The Court and the public see eye to eye

The QCA’s legal analysis itself was careful and detailed, though it could hold implications for future decisions made by the Chief Coroner. The judgment included a detailed examination of the construction of the Act and a thorough overview of case law such as Blencoe and Huot c Pigeon, 2006 QCCA 164 (French only), to rule that the delay in this case was insufficient to quash the inquest. The Court also grants the Coroner a new, broader scope of discretion, though the Court does suggest that the discretionary decision could be held to a standard of reasonableness.

What is perhaps more remarkable was the Court’s ability to craft its analysis to arrive at a decision that fairly reflected the facts surrounding this case and the values of the Canadian public.

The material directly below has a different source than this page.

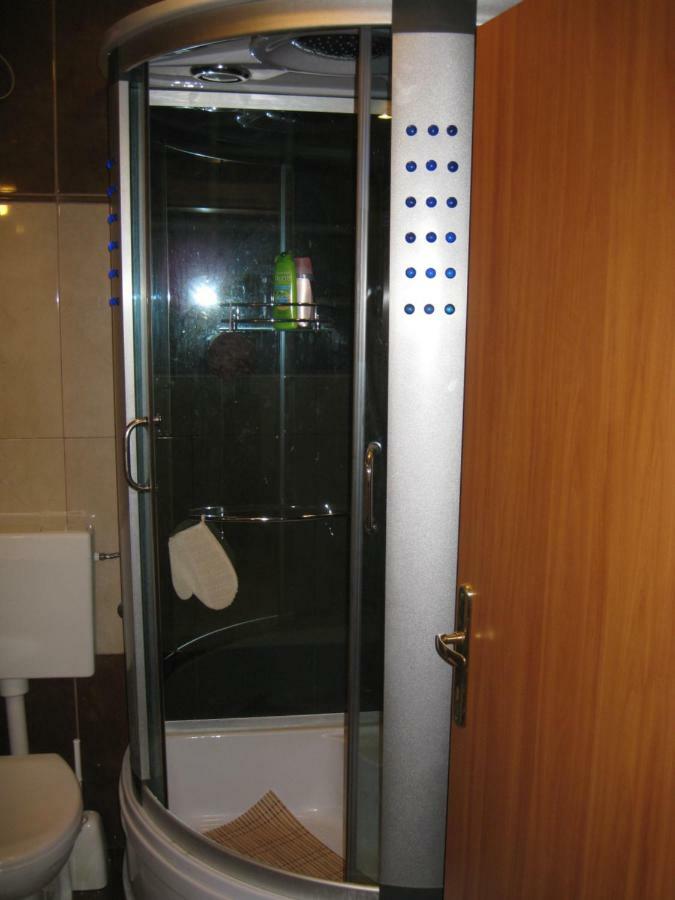 Apartment Medo Ravna Gora Eksteriør billede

This ruling transpired in tandem with two other public inquiries into police encounters that resulted in deaths. A coroner’s inquest into the death of Fredy Villanueva, who was fatally shot in 2008 by an officer after a confrontation with police, was slowly unfolding. The public was awaiting a Superior Court decision on another application brought by the Montreal Police Brotherhood against the Coroner’s inquiry into the death of Mohamed Anas Bennis. He was also shot by Montreal police in 2005. (Justice Champagne released his decision in September, ordering that Mr. Bennis’ inquiry proceed.) My readers need not, I am sure, be reminded of the death of Robert Dziekanski, who was Tasered five times by the RCMP at the Vancouver International Airport in 2007. The public in Quebec and across the country wanted to come to terms with the circumstances surrounding these deaths.

The QCA’s decision reflected this view. Justice Morissette wrote,

Although three inquests, in the sense of investigations, have been undertaken by different public authorities for distinct reasons, the events of June 28, 2003 have yet to be the focus of a public inquest carried out in conformity with a quasi-judicial procedure such as that followed by bodies included in s. 56(1) of the [Quebec] Charter of Human Rights and Freedoms, [CQLR c C-12,] one of which is the Coroner. [Author’s translation]

Furthermore, the Court was not blind to the fact that this case drew a “hardly flattering image” of the Chief Coroner’s office, which had allowed the start of the inquest to drag on for so long. Nonetheless, the Court pointed out that, by filing this application, the Montreal Police Brotherhood had sought to prolong the very delay it argued ought to be reason for quashing the inquest. The Brotherhood could have instead formally addressed the Coroner to request the termination of the inquiry. Moreover, the police officers had first asked, and were allowed, to be recognized by the inquest as “interested persons” under the Act, then announced their intention to contest the decision to hold an inquest at all. The Court appeared to recognize and reject each of the Brotherhood’s legal tactics.

Ultimately, the Canadian courts made their stance on these public inquiries clear, and Michel Berniquez’s inquest is set to proceed if Ms. Bellemare so chooses. The QCA’s judgment resulted in one of those singular, complete decisions in which the law lined up with the facts, the court and the public shared a mutual understanding, and which the Supreme Court felt comfortable enough to let pass. Well done, Quebec Court of Appeal.